What do you think of when you think of wheelchair lifts? Do you think of the lifts on school buses for special needs children? Do you think of the Pixar movie Up when the main character rides up and down his house stairs in a wheelchair lift? Whatever you think of, it is probably an example that shows how necessary and helpful wheelchair lifts can be to those who are wheelchair-bound.
The Law of the Lifts
Although lifts are not required in buildings, they can be used to help fulfill the requirements for ramps and accessibility set by the ADA. In addition, lifts are most commonly used on public transport vehicles, such as buses, to help them meet accessibility laws.

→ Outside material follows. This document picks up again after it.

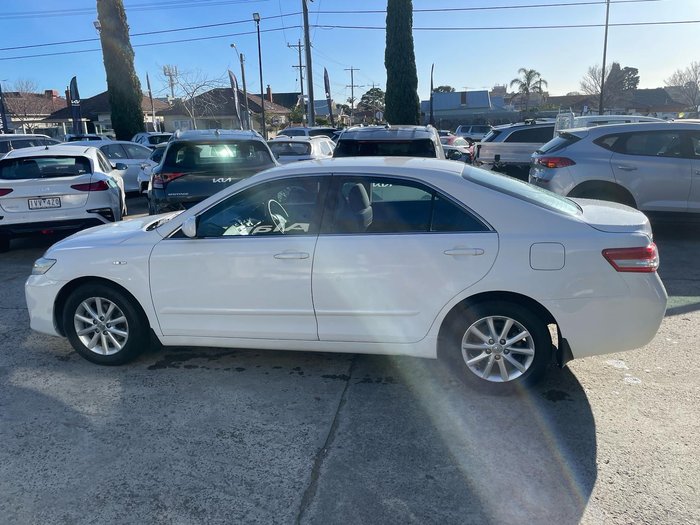 2011 Toyota Camry Altise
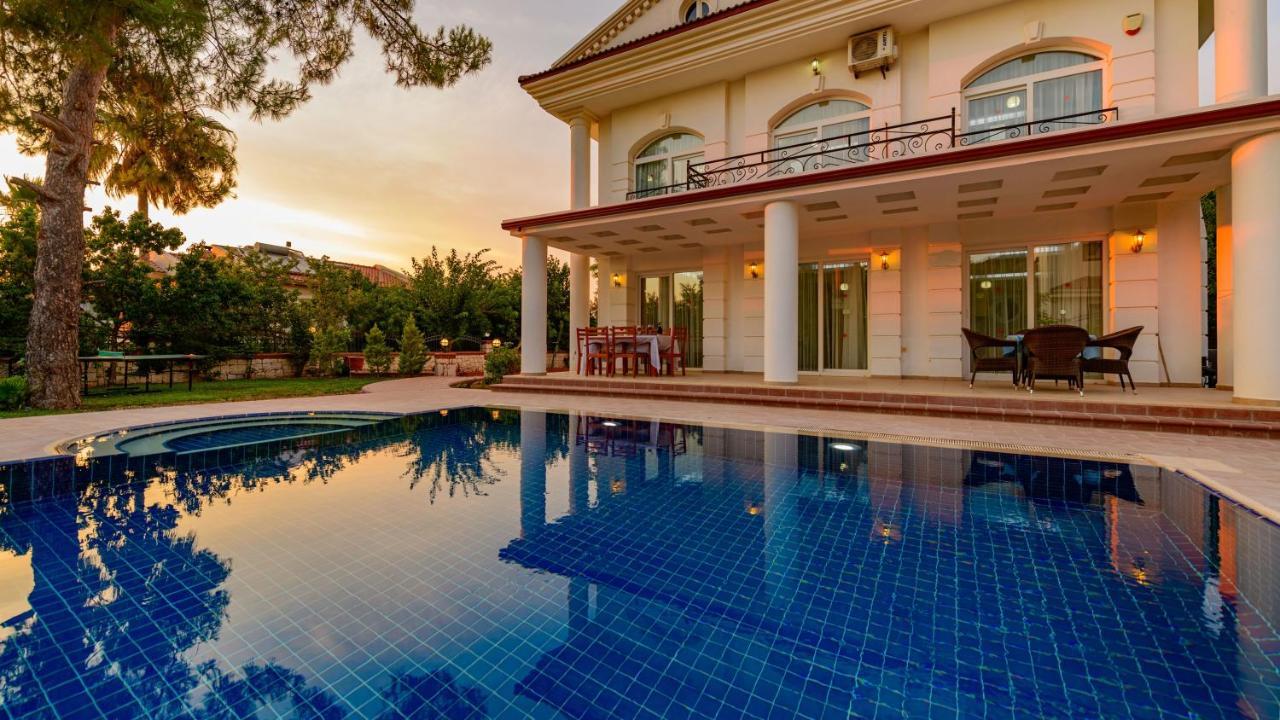 Musa - 5 Bedroom Holiday Villa In Hisaronu Фетхие Экстерьер фото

Depending on what type of vehicle you have, you might not need a chair lift. Ramps are often able to be used, especially with mini-vans. However, if you have a full-size van, you should consider installing a wheelchair lift-especially if the wheelchair is a permanent situation for you. There are two different options. A single-arm lift takes up less space and is cheaper, but can only be used in certain situations and has limited carrying capacity. In contrast, a dual-arm lift can carry up to 800 pounds. However, it takes up a lot of space and therefore is used mostly for back entry.
If you are thinking about installing a lift in your home to make stairs easier for a wheelchair and it’s passenger, there are some things to consider. First, know the difference between a stair lift and a chair lift. The first will only carry the passenger. However, if you have a consistent way to get the chair itself up and down the stairs, this is a great alternative, as it requires less space, less construction, and is often cheaper.
A full-on wheelchair lift will have a platform big enough for the chair itself. Due to the intense weight and size requirements, it requires much more room and construction. These are often made only via custom orders and can therefore be pricey.